In recent years rosacea sufferers have had reason to think that a Vet might have some insights into treatments that could benefit them.
In particular the development of ivermectin based treatments like Soolantra have drawn many similarities with the treatments for mange in animals. Vets have been treating demodex infestations with topical and oral ivermectin for many years before it was approved as a rosacea treatment.
In the future there might be even more treatments for animals that are approved more quickly than for humans.
A Vet is your friend?
Have you ever found a Vetinarian that is able to offer you some insights into treating your rosacea?
Medscape – Maureen Salamon, July 28, 2017
Rooted in the time when a single physician cared for all members of a household, including humans and animals, One Health fosters collaboration between various medical and scientific disciplines, including physicians and veterinarians.
“Once you start to identify the connections between humans and animals, it’s possible to take a One Health approach and really start to come to some answers for some of our biggest problems in public health,” said presenter Jennifer Gardner, MD, from the University of Washington and collaborating member of the UW Center for One Health Research in Seattle.
Veterinary medicine has been quicker than human medicine to develop interleukin-31 (IL-31) inhibitors that target AD-related itch in dogs, said presenter Brian Kim, MD, codirector of the Center for the Study of Itch at Washington University School of Medicine in St. Louis. In humans, there are no FDA-approved agents for chronic itch, he pointed out.
“IL-4 drugs like dupilumab may have broader implications for itch, and JAK-1 selective inhibition may be more effective than broad JAK blockade for itch,” Dr Kim said.
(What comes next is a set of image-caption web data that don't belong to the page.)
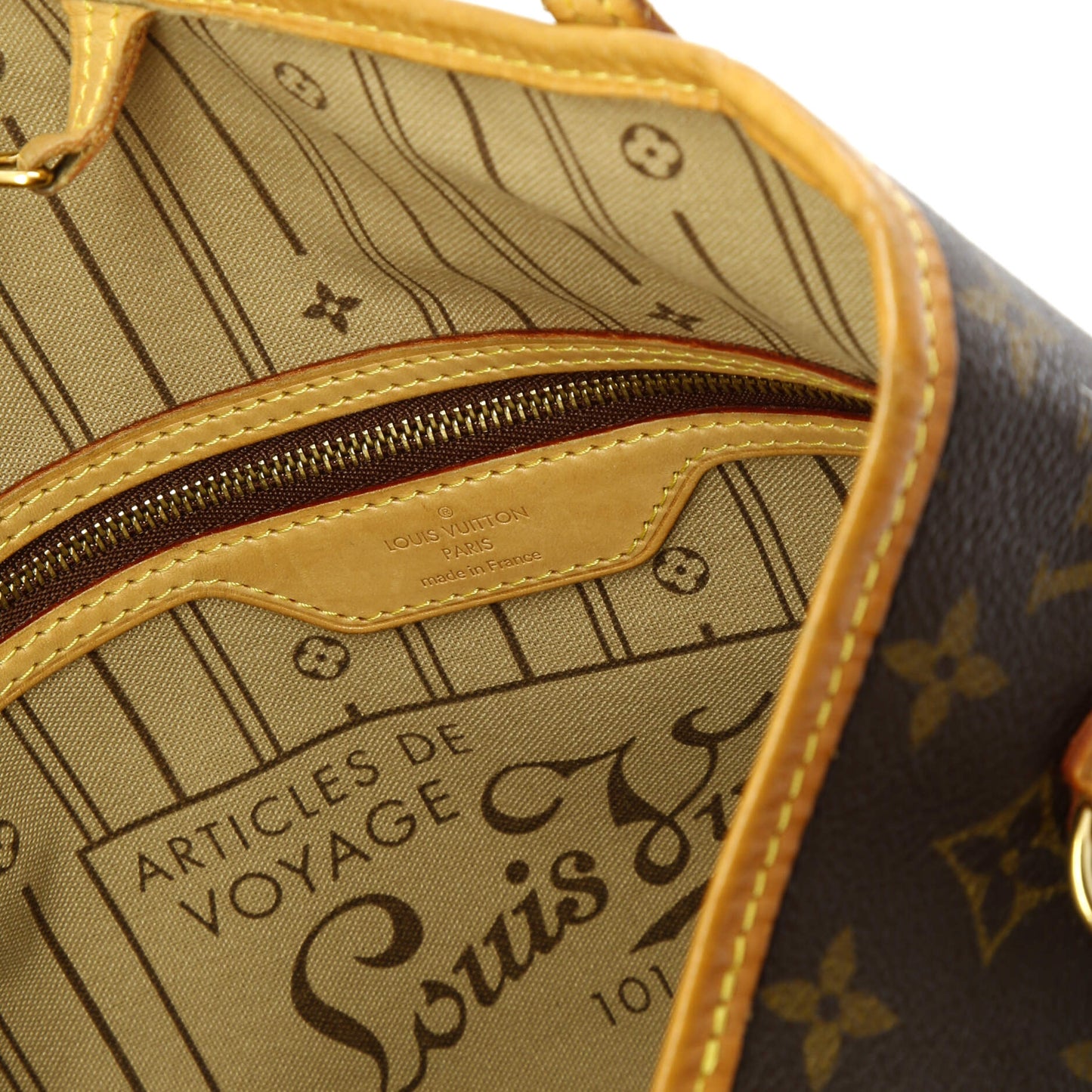 Neverfull Tote Monogram Canvas GM
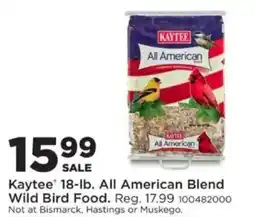 Mills Fleet Farm Kaytee all american blend wild bird food offer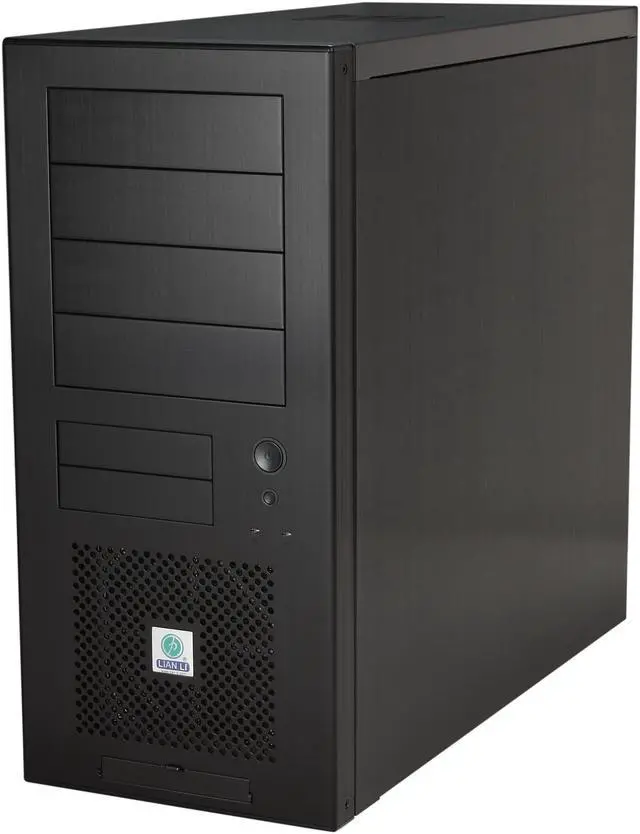 Alt view image 3 of 9 - LIAN LI PC-7B plus II Black Aluminum ATX Mid Tower Computer Case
Approved in March 2017, the monoclonal antibody dupilumab (Dupixent, Sanofi/Regeneron) is the first-ever human biologic therapy available for moderate-to-severe atopic dermatitis.
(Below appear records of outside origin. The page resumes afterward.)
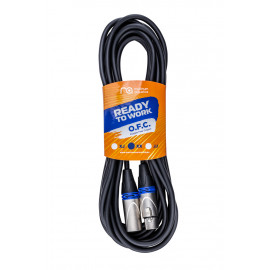 Кабель мікрофонний Maximum Acoustics MIC.XX5 (Blue) (OFC) Кабель мікрофонний Maximum Acoustics MIC.XX5 (Blue) (OFC)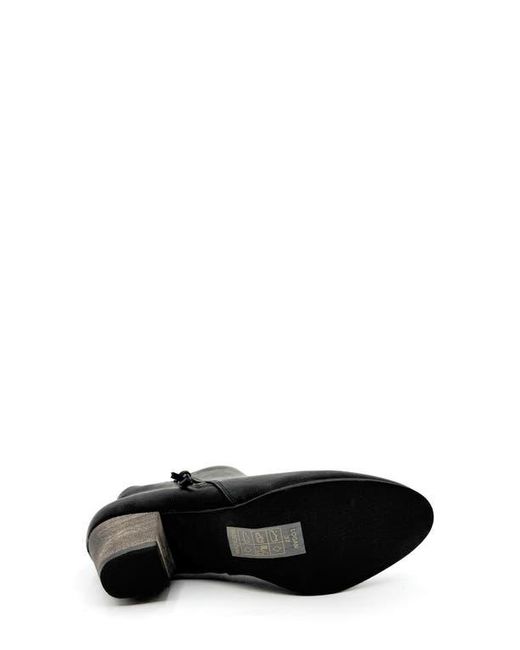Chelsea Crew Black Logan Ankle Boot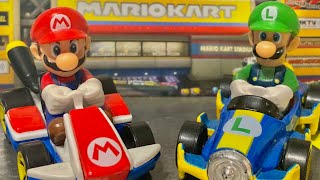 Mario Kart Hot Wheels Race/Mario VS Luigi LEGO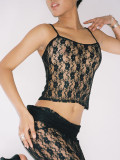 Sexy See Through Sling Top GKLK-T3211625Y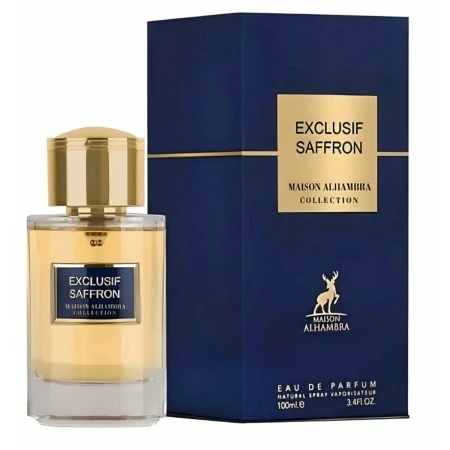 Perfume Unissexo Maison Alhambra EDP Exclusif Saffron 100 ml | Epamu.eu | Beauty Shop - Parfüms, Make-up & Essentials Epamu.eu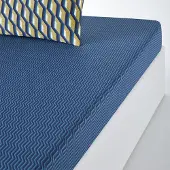 La redoute interieurs Fixleintuch Milano, Baumwollperkal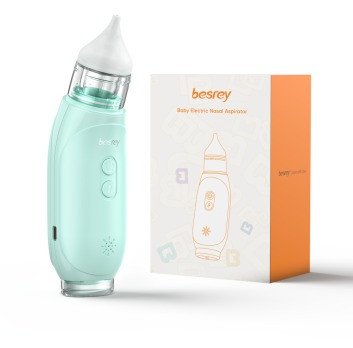 besrey/ Aspirateur nasal électrique pour bébé – Pour un nez dégagé en douceur !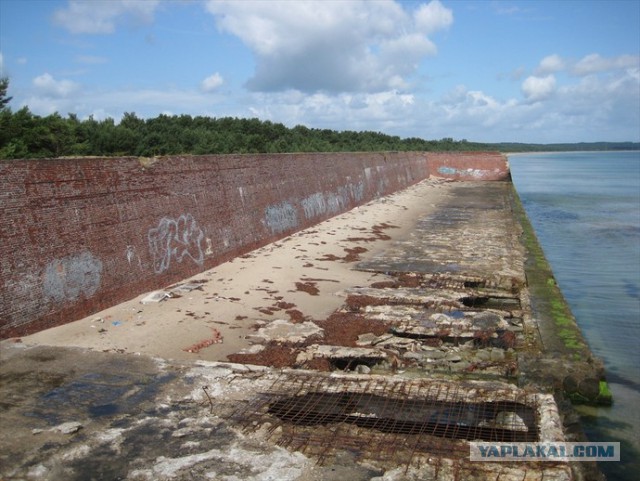 Грандиозный нацистский санаторий-призрак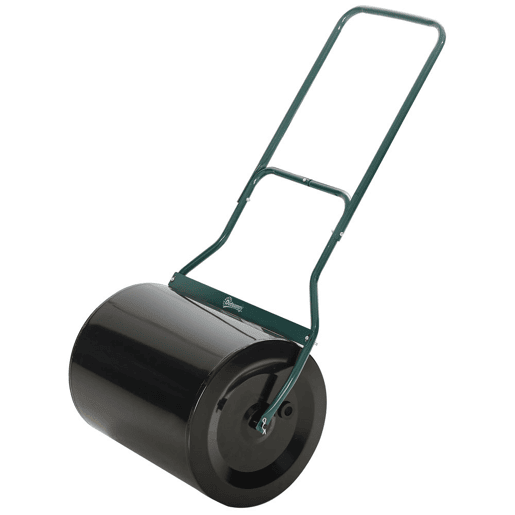 Rolo de grama para jardim Rolo de gramado com capacidade de 60L Recarregável com areia ou água Diâmetro de 50cm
Animal-human dermatology comparisons also included demodicosis. Common in dogs, the microscopic mites can also play a role in rosacea, blepharitis, alopecia, pityriasis folliculorum, and other human conditions, said presenter Dirk Elston, MD, from the Medical University of South Carolina in Charleston.
Dermatologists often spot the tiny spines of demodex mites sticking out from patients’ skin, he said. Ivermectin is a common treatment in both animals and humans, but Dr Elston said sulfur “tends to be my most reliable for anything demodectic” in people.
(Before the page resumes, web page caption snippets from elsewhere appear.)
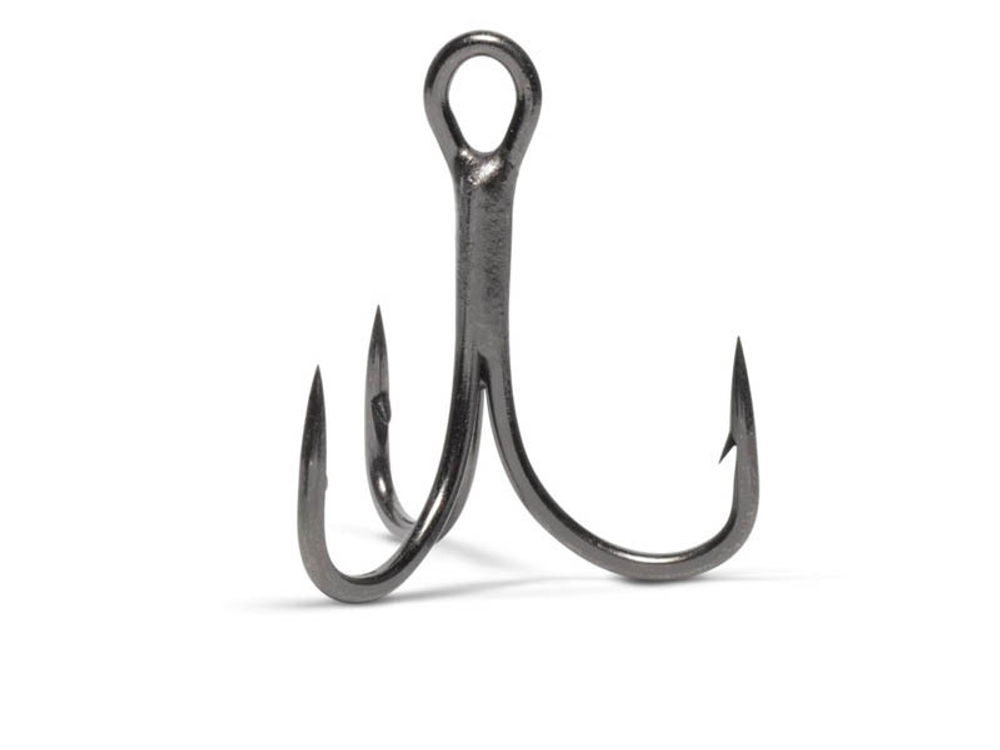 Крючки для рыбалки (тройник) VMC 2X Inline Treble 7554 TI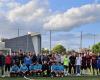 Acireale, inauguró el nuevo campo de fútbol en la parroquia de los Santos Cosma y Damián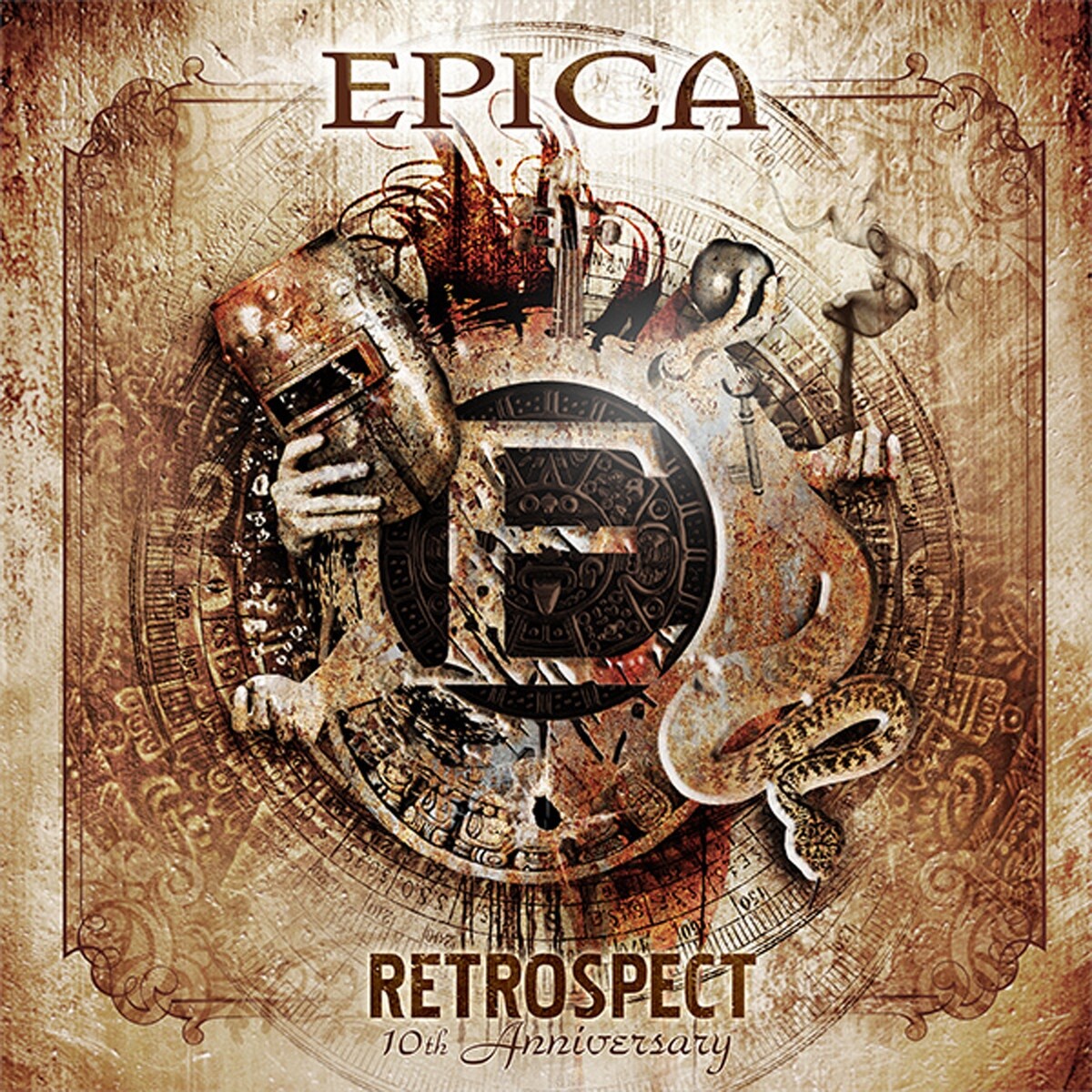 Epica《Delirium》GTP谱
“The degree of science the veterinarians use in treating their animals is probably something that’s underappreciated by human doctors,” Dr Levitt told Medscape Medical News.
“I think there’s huge opportunity for collaboration between veterinarians and human medical doctors in discovering disease treatments and sharing best practices,” he added. “Animal models provide a preview for what’s to come in human medicine and it’s an interesting opportunity for medical specialists to have a sneak peek at future therapies by inviting veterinarians to their conferences.”